Mme Martel: Mon nom est Gaétane Martel. Je suis
responsable du service de recherche à l'union et mon collègue est
Me Roger Langlais qui est conseiller technique pour nous dans ce dossier.
Le Président (M. Richard): Merci, à vous la parole,
madame.
Union des municipalités
régionales
de comté et des municipalités
locales
du Québec Inc.
Mme Martel: Je vais vous faire un résumé de notre
mémoire. L'UMRCQ a déjà fait connaître son point de
vue sur la levée du moratoire dans le cadre de la consultation et de la
table de concertation Québec-municipalités. (20 h 45)
L'UMRCQ souscrit à l'objectif de lever le moratoire dans le
respect et la protection des droits des locataires en place. Cependant, il nous
semble que les modalités proposées pour atteindre les objectifs
risquent de créer un régime où, précisément,
ceux qui doivent le plus bénéficier de protection seront les plus
désavantagés.
La garantie de maintien dans tes lieux. Le locataire qui
bénéficiera de cette protection devra subir les
inévitables conflits que l'on retrouve dans les immeubles en
copropriété où cohabitent des copropriétaires et
des locataires. Relativement à l'étendue de la protection
conférée aux locataires en place, s'applique-t-elle exclusivement
au signataire du bail? Le conjoint ou le conjoint de fait ou encore toutes les
personnes occupant les lieux lors de l'introduction de la demande de
conversion, pourront-elles bénéficier de cette garantie?
La protection s'appliquera-t-elle aussi aux héritiers ou au
conjoint dont l'époux ou l'épouse décède? Les
occupants des lieux auront-ils le droit de sous-louer leur logement et de
continuer à bénéficier de la protection de la loi? La
protection s'appliquera-t-elle aussi à un occupant qui, au moment de
l'introduction de la demande de la conversion, occupait un logement è
titre de sous-locataire?
Étendre le principe de la garantie de maintien dans les lieux
à toutes les personnes l'occupant lors de l'introduction de la demande
de conversion constituerait, à notre avis, une mesure trop large.
D'autre part, il nous semble que le ministre devrait statuer sur la question du
droit de l'un des conjoints, à la suite de la rupture du mariage ou au
décès de l'autre, de bénéficier des avantages du
maintien dans les lieux.
De même, il y aurait avantage à clarifier la situation du
sous-locataire qui occupe les lieux lors de l'introduction de la demande de
conversion auprès de la régie.
De la même façon, le règlement sur la conversion
devra statuer sur le droit des locataires en place de sous-louer leur logement.

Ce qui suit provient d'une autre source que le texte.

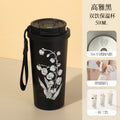 Creative artsyniche style lily of the valley coffee cup, straw, direct drinking, large capacity thermos cup, beautiful and portable satchel
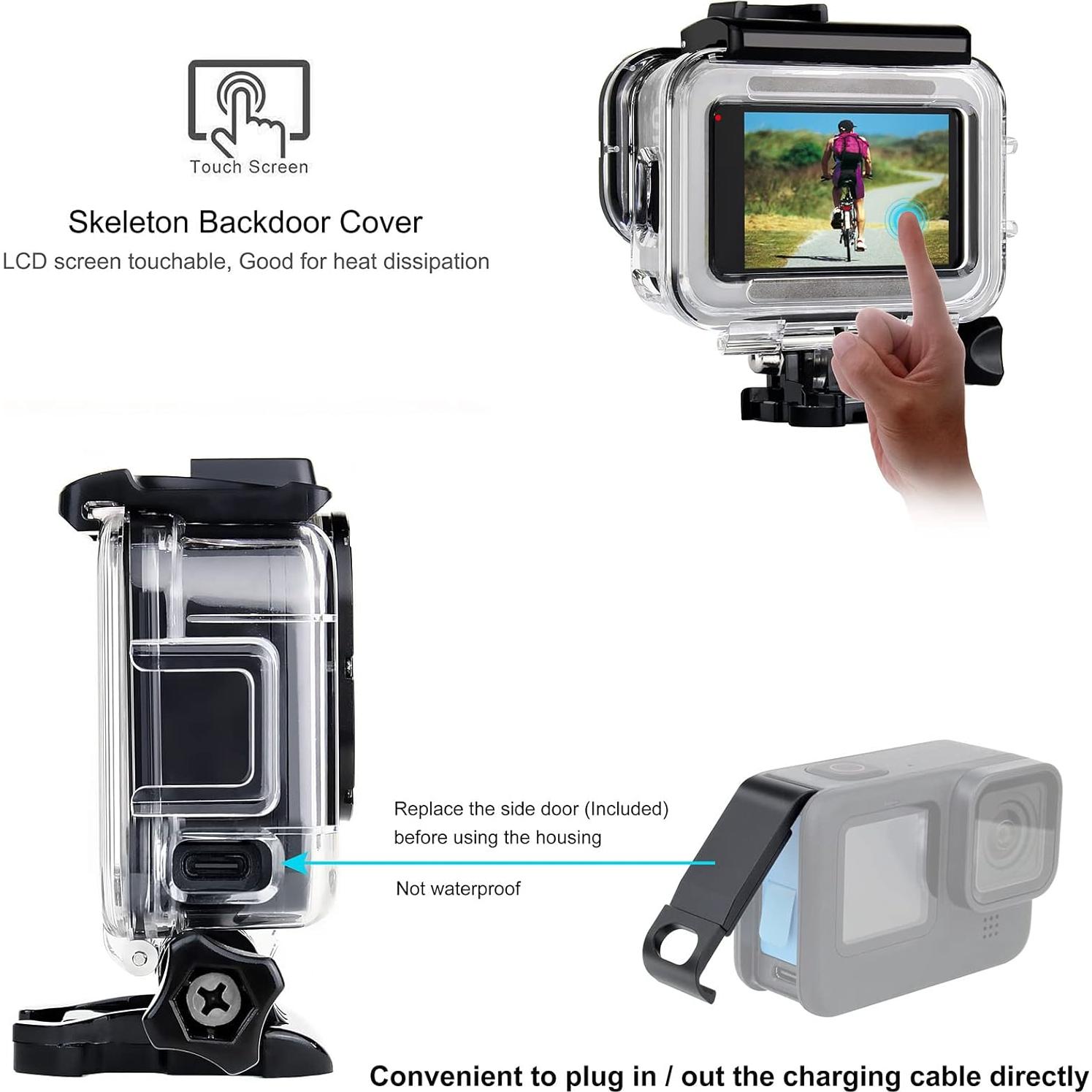 Funda Esqueleto SOONSUN para GoPro HERO 9-13 Negra con Puerta Lateral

Le projet de levée du moratoire propose de consentir un traitement
particulier aux logements occupés par des locataires en ce qui a trait
aux taxes municipales que devront supporter les locataires de ces
logements.
Toute tentative de modifier le système d'évaluation et de
taxation foncière actuel risque de cornplexifier un processus
déjà suffisamment lourd pour ce qui est de l'évaluation
municipale, en plus de menacer les principes d'équité et de
parité.
Avant de tenter de modifier le régime de taxation foncière
pour la copropriété divise, il importe, dans un souci
d'équité collective, de s'assurer que les
copropriétés indivises, environ 15 000 logements au
Québec, paient leur juste part d'impôts fonciers.

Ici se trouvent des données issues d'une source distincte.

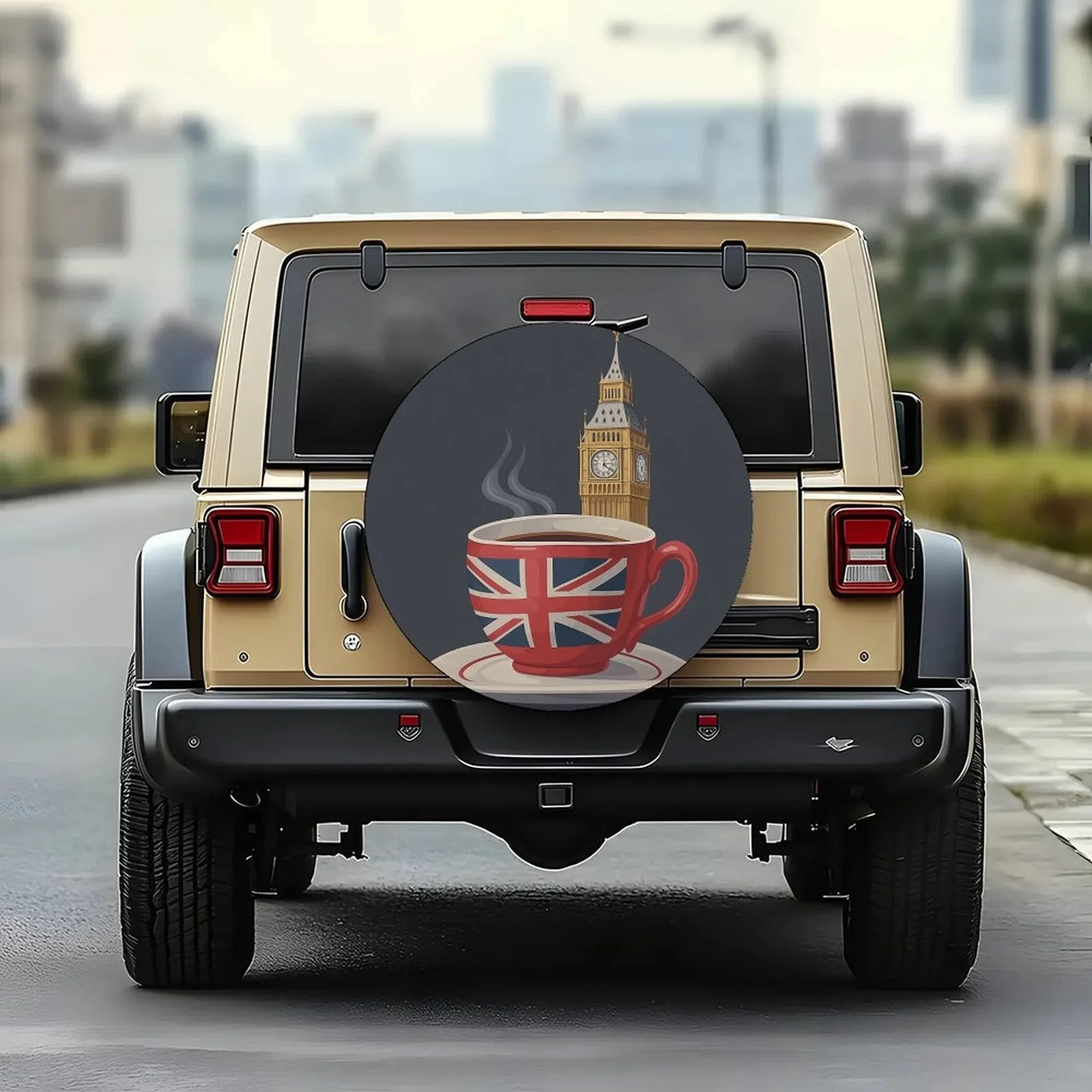 British Tea Time Tire Cover Union Jack Waterproof Spare Wheel Protector for SUV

Les auteurs du rapport sur la levée du moratoire proposent que la
protection du locataire soit assortie d'un droit de préemption en
fonction du locataire sur l'achat de son logement.
Les auteurs du rapport proposent qu'aucune nouvelle norme touchant la
qualité physique du logement ne soit applicable aux logements convertis,
sauf celles ayant trait à la protection contre l'incendie. En somme, on
dit que le logement, sur lequel un minimum de travaux auront été
faits, devra coûter moins cher à l'achat et que, par
conséquent, plus de locataires dont les revenus sont plus faibles
pourront se permettre d'acheter ainsi leur logement.
Mais qu'adviendra-t-il, dans un ou deux ans, lorsque des travaux
importants devront être entrepris et que des locataires-acheteurs devront
consentir à payer des sommes importantes? Ce problème pourrait
être compliqué du fait que les locataires, pour acheter, auront
dû consentir à un taux d'efforts accrus pour rembourser une
hypothèque et pour payer des taxes foncières augmentées.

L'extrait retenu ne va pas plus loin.